Seguiu-se em finais de 1914 a contratação pelo Sporting de Artur José Pereira em episódio que convém recordar: Artur José Pereira, considerado o melhor jogador dos anos 10 a 20 do século XX, sentia-se, por esse facto, dispensado de cumprir o plano de treinos imposto pelo Clube. Após tensão e alguma polémica, foi AJP suspenso pela Direção do Benfica pelo prazo de seis meses. Pois bem, a Direção do Sporting, mesmo depois de ter sondado qual a situação do jogador e de saber que o mesmo estava suspenso por motivo disciplinar, não hesitou em contratá-lo, dando-lhe mesmo uma retribuição mensal de 36$00 e o privilégio de banho quente depois dos jogos. AJP foi assim o primeiro jogador remunerado, em plenos tempos de amadorismo que haveriam de se manter por muitas décadas.

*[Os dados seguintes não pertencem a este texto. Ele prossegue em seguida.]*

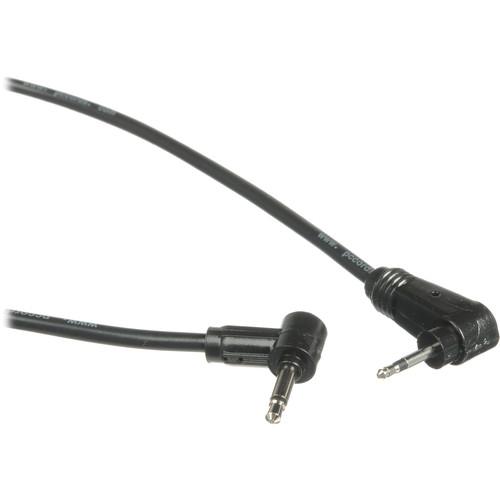 Paramount PW-MS1 Sync Cord - Miniphone to Sunpak Single Pin - Straight - 16"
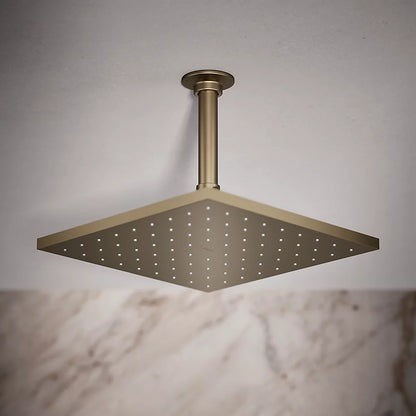 Kohler Contemporary Square 10" Single-Function Rainhead, K-13696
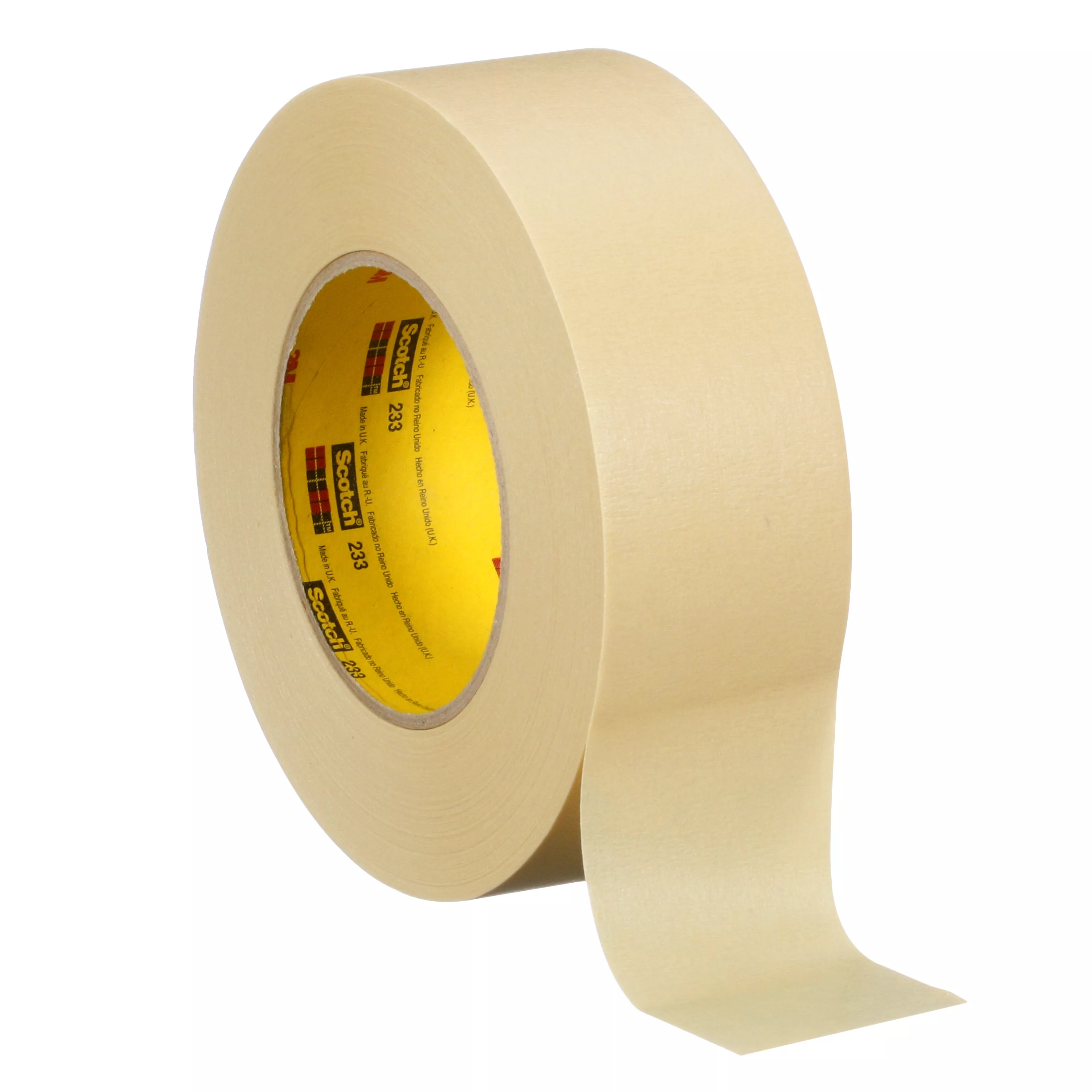 SKU 7000088669 | Scotch® Automotive Refinish Masking Tape 233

O mesmo aconteceu com Boaventura da Silva, jogador que estava suspenso por falta de pagamento de quotas e que acabou no Sporting depois do CIF, sabendo da sua ligação ao Benfica, o ter, por essa razão, recusado.
A estes dois juntou-se ainda um terceiro jogador titular da equipa principal do SLB, Augusto Paiva Simões.
É necessário dizer que na altura era prática comummente aceite não se recrutar jogadores de outros clubes sem o assentimento destes e que, por essa razão, pouco tempo antes o Benfica havia recusado contratar Jaime Cadete, Sebastião Campos e Artur Augusto, jogadores do Sporting.
Foi este episódio, em finais de 1914, que marca verdadeiramente o nascimento da forte rivalidade entre Benfica e Sporting. E repare-se como na sua génese estão as contratações, contra todos os princípios de boa-fé e de ética desportiva, de dois futebolistas.
Mas também aí a “vingança” do nosso Clube foi servida dentro do campo: no primeiro jogo entre as duas equipas a seguir àquelas contratações – em que o Sporting teve o impudor de cometer a braçadeira de capitão a AJP, o Benfica ganhou por 3-0.
Novo e semelhante episódio em 1918: Alberto Rio, um dos melhores jogadores do Benfica, foi também suspenso por seis meses, por faltar sem justificação a alguns jogos do Clube. Mais
uma vez, o Sporting, sabedor desse facto, não hesitou em contratar o jogador. O escândalo foi tal que no primeiro jogo em que AR apareceu equipado à Sporting o público indignou-se de tal forma que ele teve que abandonar o campo. E a verdade é que a sua estrela empalideceu, nunca mais foi o jogador que tinha sido e acabou por sair para, juntamente com AJP, fundar Os Belenenses em 1919.
Foi de tal forma indigna a atitude do Sporting, que um dos seus mais prestigiados Diretores, Mário Pistachini, se demitiu em desagravo e escreveu uma carta à Direção do Benfica a pedir desculpa.
Em 1919 e 1920 o Benfica haveria ainda de sofrer as sangrias no seu plantel causadas pela fundação do Casa Pia – onde logo ingressou Cândido de Oliveira — e do Belenenses, mas continuou o seu caminho, sem desforras ou desagravos, sem “vinganças”. E esteve muito anos afastado dos títulos (só em 1932 voltaria a ganhar o Campeonato de Lisboa), mas não quebrou desportivamente nem violou os seus princípios e a sua forma de estar.
E é esta uma das matrizes do Benfica, o respeito pelos outros e pelos adversários, para além da sua enorme democraticidade e popularidade. Ignorar isto e contratar Gelson e BF é dar um pontapé no património histórico e na cultura do clube, em troca de uma mesquinha e pouco digna vingança.
Nunca o Benfica em condições semelhantes se prevaleceu da situação débil dos seus principais adversários para contratar jogadores ou ex-jogadores destes. E não se diga que as situações são diferentes pelo facto de Gelson, Bruno Fernandes, ou qualquer outro, ter previamente rescindido.
E seria inaceitável fazê-lo agora por populismo, para agradar às massas e tentar fazer esquecer a má época futebolística.
Se o Benfica conseguir resistir a contratar os jogadores que agora rescindiram com o Sporting, e o fizer com convicção e não por qualquer oportunismo, manter-se-á fiel à sua matriz, dará um grande exemplo e marcará a diferença pela elevação da sua atitude, e, não temos duvidas, lançará sementes para um futuro melhor dirigismo, que tanto tem faltado ao futebol português.